LE HUSSARD : Tout à fait ! Mais attention : l’édition française est un milieu infiniment complexe et il faut se garder de tout jugement trop définitif. Toutefois, j’ai eu l’occasion – à de multiples reprises – de noter combien les grandes maisons sont paralysées par la bureaucratie, et combien les petites sont entravées par les modalités d’exploitation commerciales du livre, notamment auprès des libraires. Concrètement, les diffuseurs et libraires – aujourd’hui – captent pour leurs profits entre 50 et 60% du coût d’un livre, ce qui étrangle nombre d’éditeurs indépendants, tout en les enterrant vivant sous une montagne de paperasses et d’obligations fiscales. Et si on pourrait penser que la situation est meilleure dans les grandes maisons, ce n’est pas si évident que cela. Là-bas, l’extrême division des tâches entre postes et services peut vite mener à une surspécialisation des salariés : plus personne n’a de vision globale sur le livre, et plus personne ne voit plus loin que sa petite tâche personnelle. C’est fort malheureux ! Et encore : je n’ai pas encore parlé de l’impact calamiteux des subventions, ou du rythme ahurissant de travail dans ces structures à l’équilibre économique toujours fragile !

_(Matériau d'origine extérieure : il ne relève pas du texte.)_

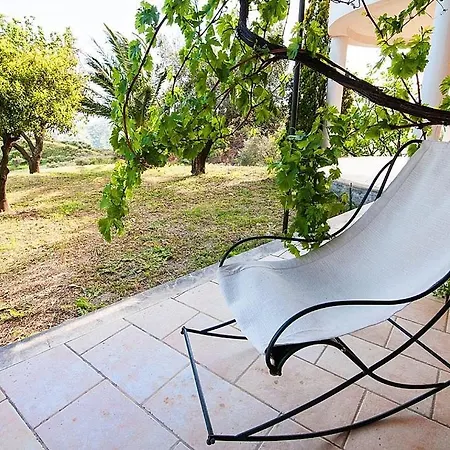 Villa Campo Calabro Sleeps 8 Air Con Wifi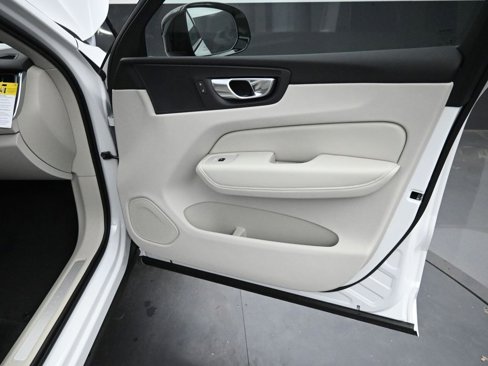 New 2025 Volvo XC60 B5 Core image 35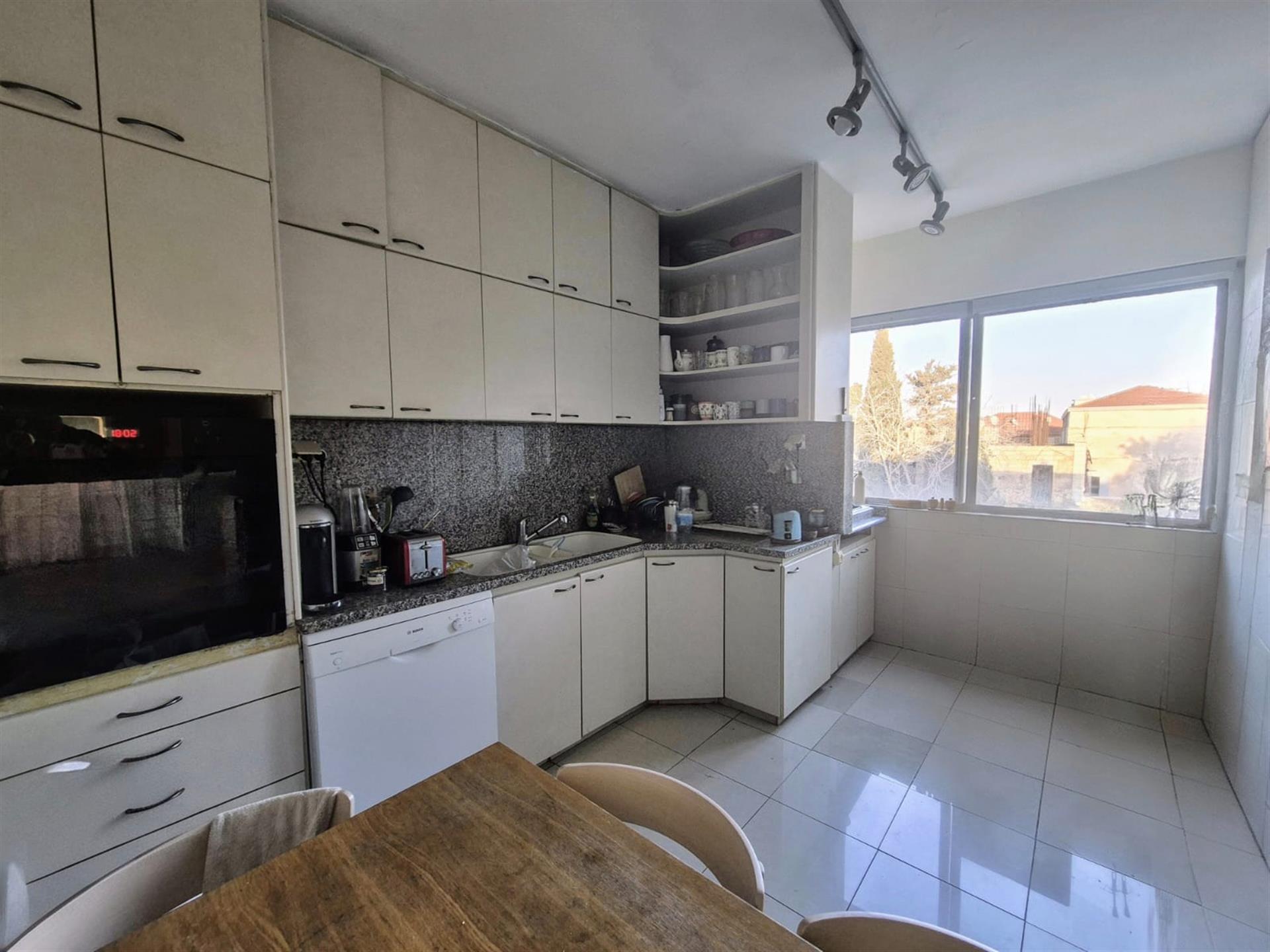 Jerusalem Living at Its Best – Light, Space & Style in Katamon Hayeshana 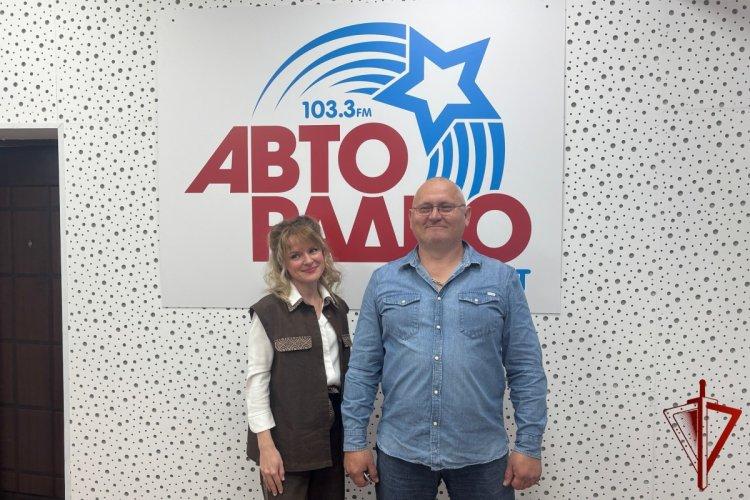 В Югре офицер Росгвардии стал участником радиоэфира на «Авторадио» Сургута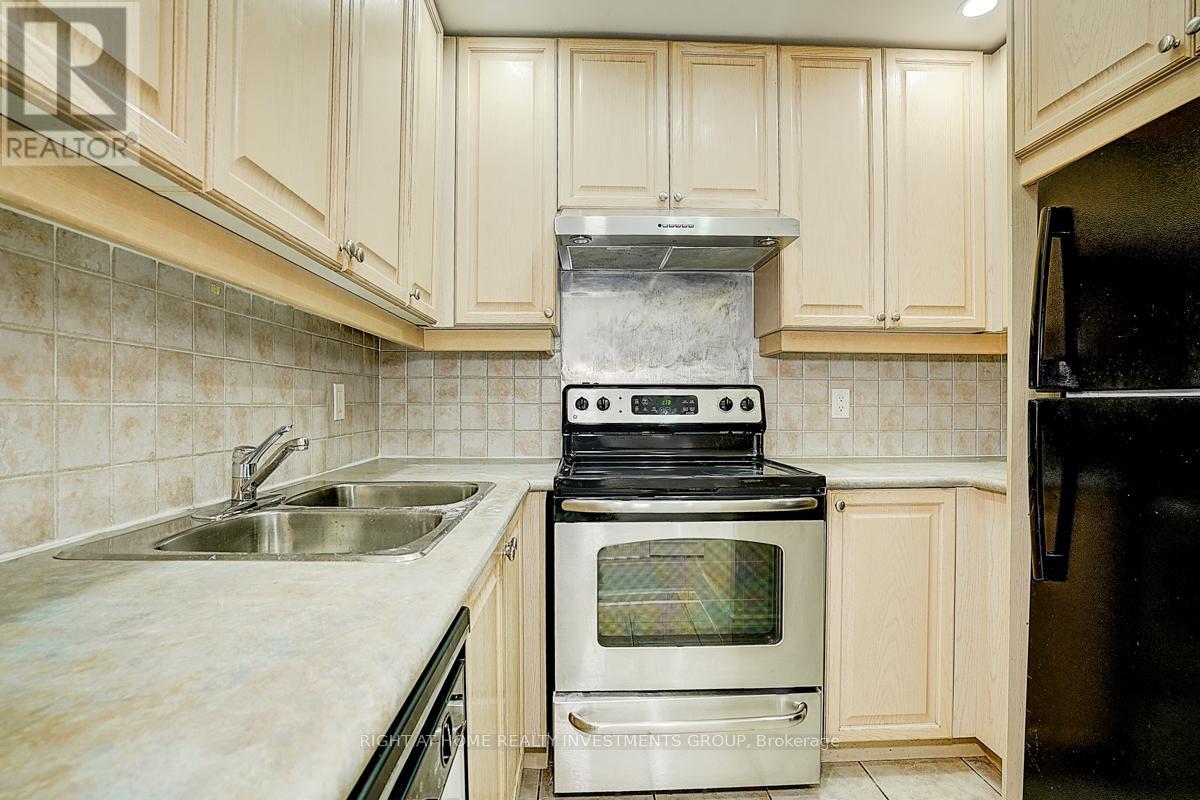 2515 - 15 Northtown Way, Toronto (Willowdale East), Ontario  M2N 7A2 - Photo 17 - C12177255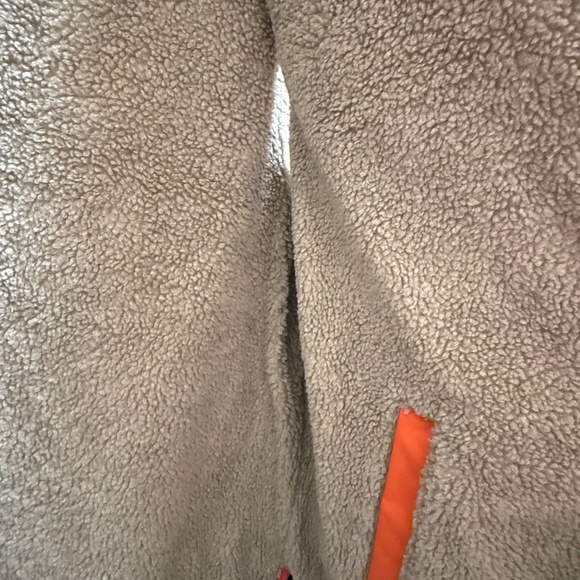 Carhartt utility vest - Picture 6 of 7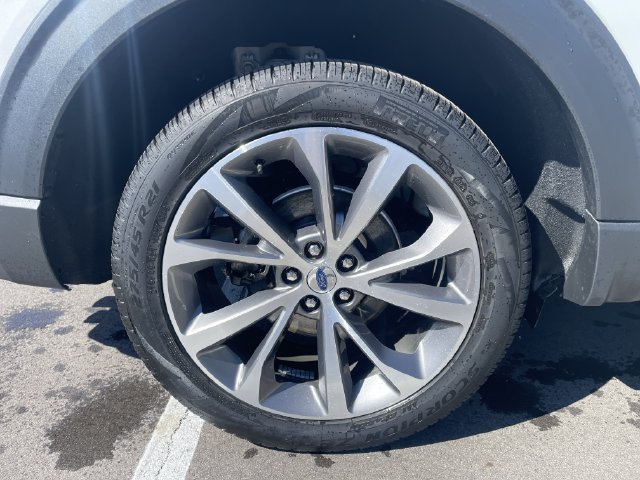 Certified 2025 Ford Explorer Platinum w/ Ultimate Package AWD/4WD image 12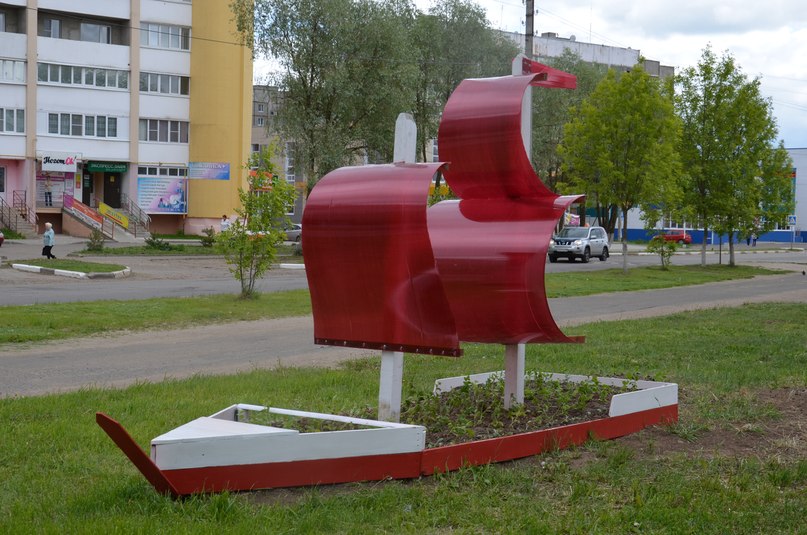 Тутаев цветущий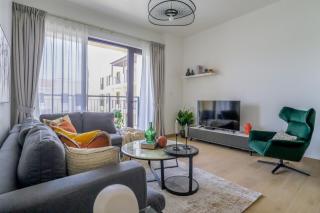 HiGuests - Stylish Waterfront Apartment With Pool in La Mer - 9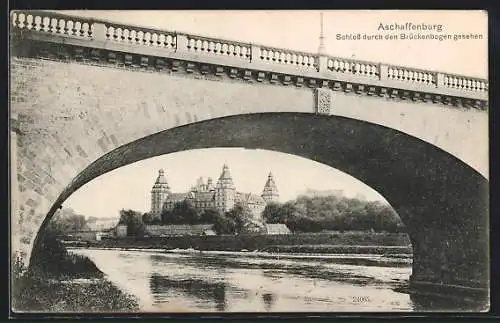 AK Aschaffenburg, Schloss durch den Brückenbogen gesehen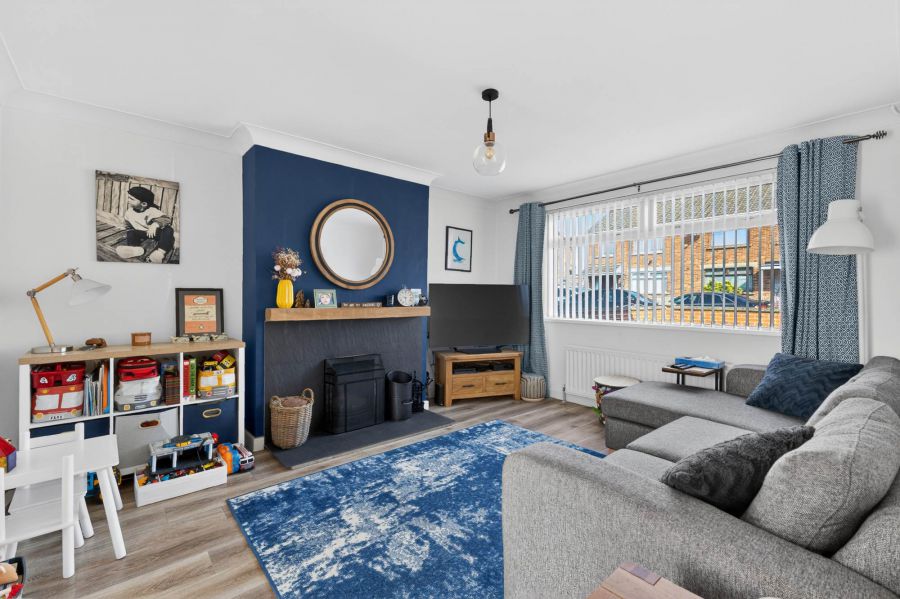 17 Cloverhill Avenue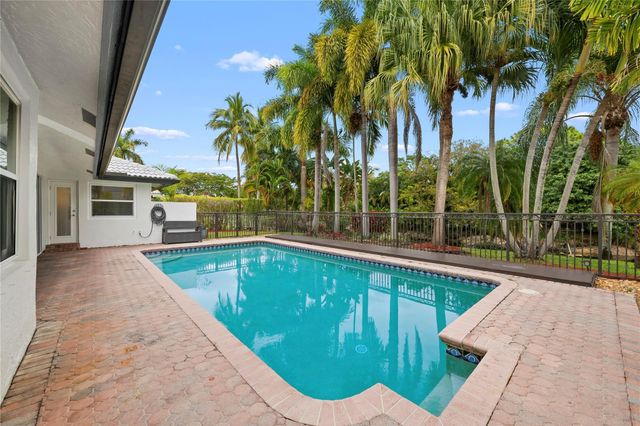 5321 NW 89th Drive, Coral Springs, FL 33067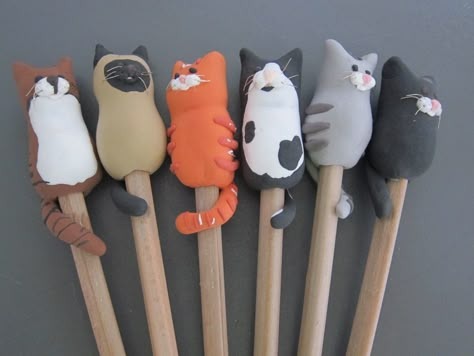 Silk Clay Made by Priscilla http://www.yourzoap.nl/ Polymer Clay Pen Toppers, Silk Clay Ideas, Foam Clay Crafts, Foam Clay Ideas, Clay Pens, Polymer Clay Pens, Craft Ideas Paper, Clay Pen, Polymer Clay Cat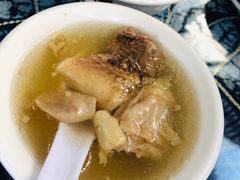 清汤牛肉-瑞丰园庭院餐厅·白族传统家常菜
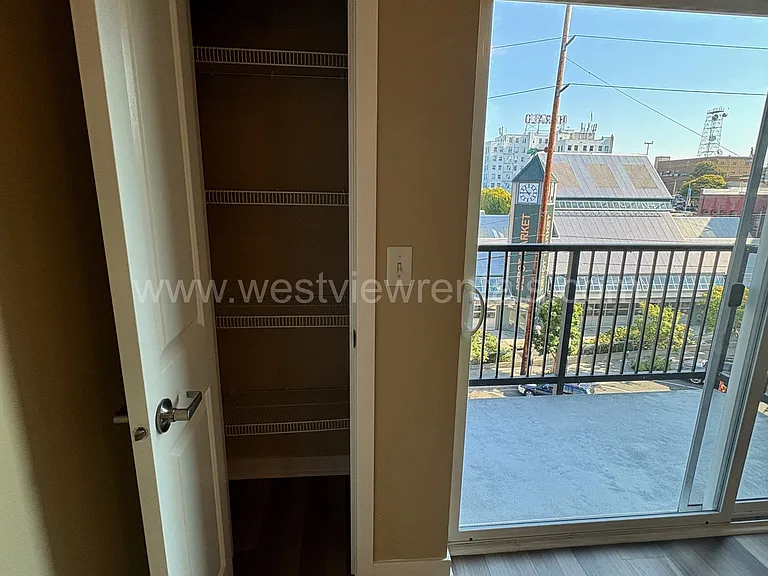 200 E Maple St — Photo 229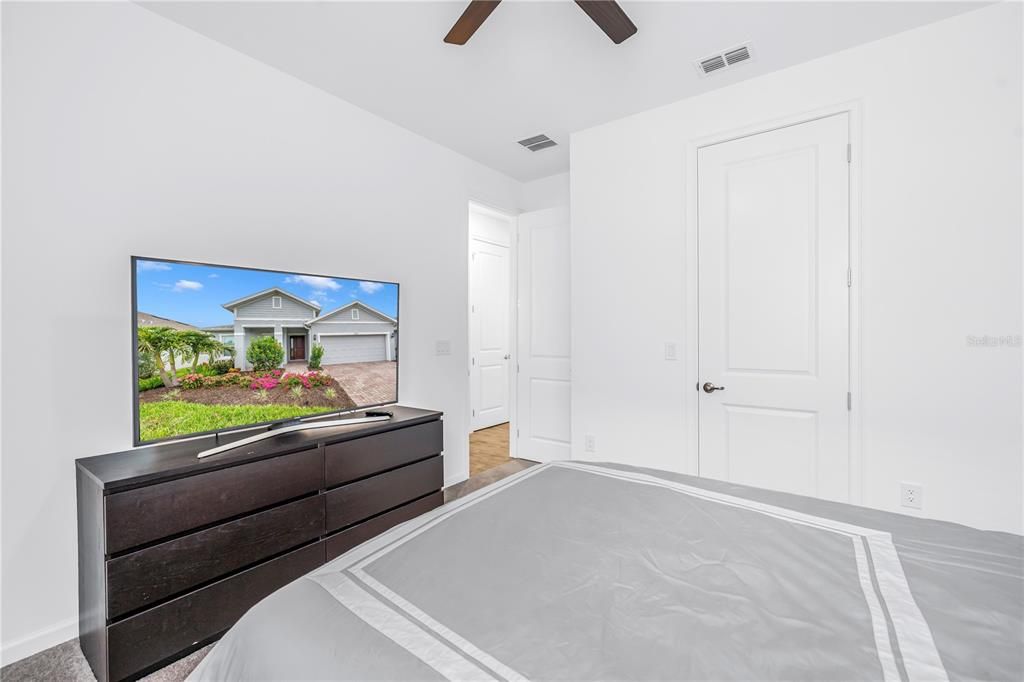 For Sale: $459,900 (3 beds, 2 baths, 1966 Square Feet)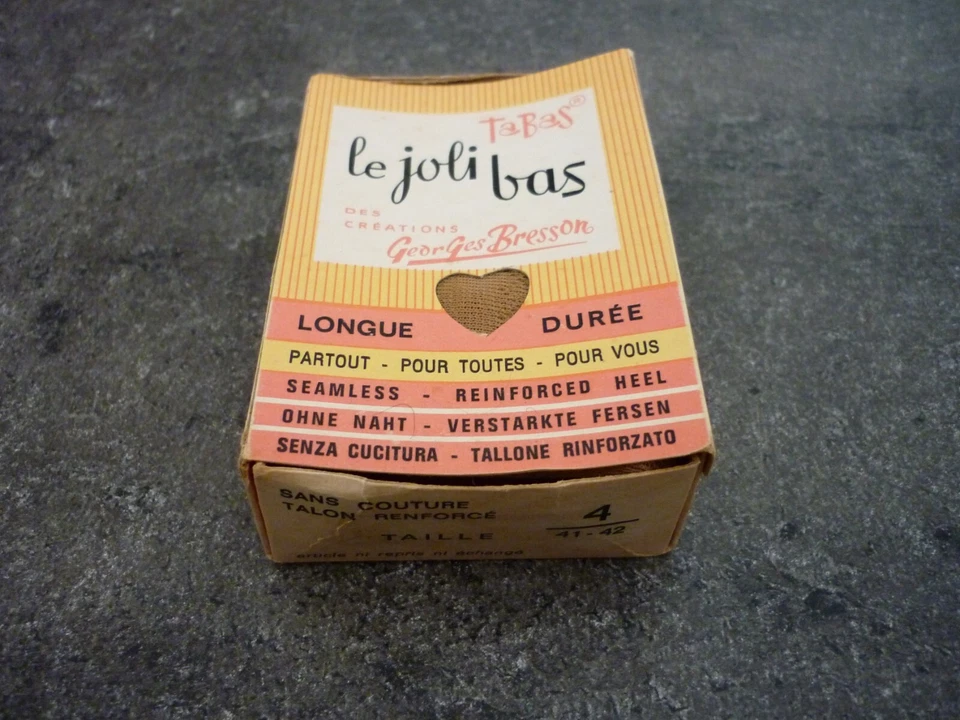 PAIRE DE BAS ANCIEN DANS SA BOITE/ - Photo 2/4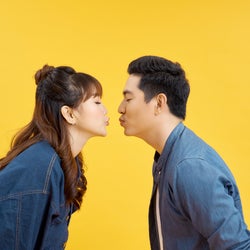 こういうの理想…♡意外と男性が「彼女にやってほしいキスやハグ」特集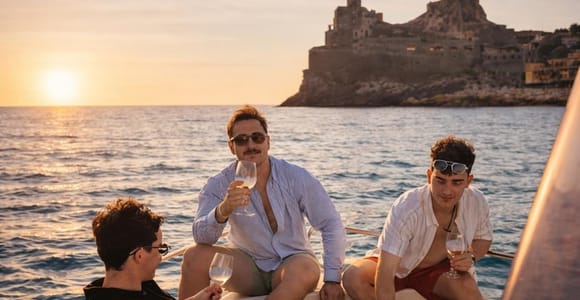 Boat cruise in the Gulf of Poets with swimming and karaoke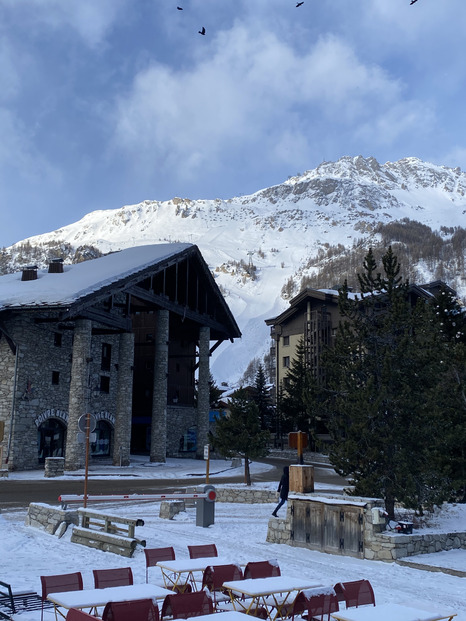 Quelques cm de fraiche du bon ski de piste en perspective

Les Bibliophiles est un roman inspiré de mon vécu, mais aussi documenté par une myriade d’anecdotes que j’ai glanées auprès de professionnels du livre. C’est un texte qui n’est pas un roman à clef, mais qui permet vraiment – en tout cas c’est son but – de faire entrevoir ce milieu et mesurer sa densité au néophyte que les grandes maisons intriguent. Bien sûr, c’est un roman, donc les différents éléments restent fictifs et on force parfois le trait par plaisir de la plaisanterie, de la caricature ou du ton pamphlétaire, mais la toile de fond – encore une fois – c’est bel et bien la réalité de ce milieu.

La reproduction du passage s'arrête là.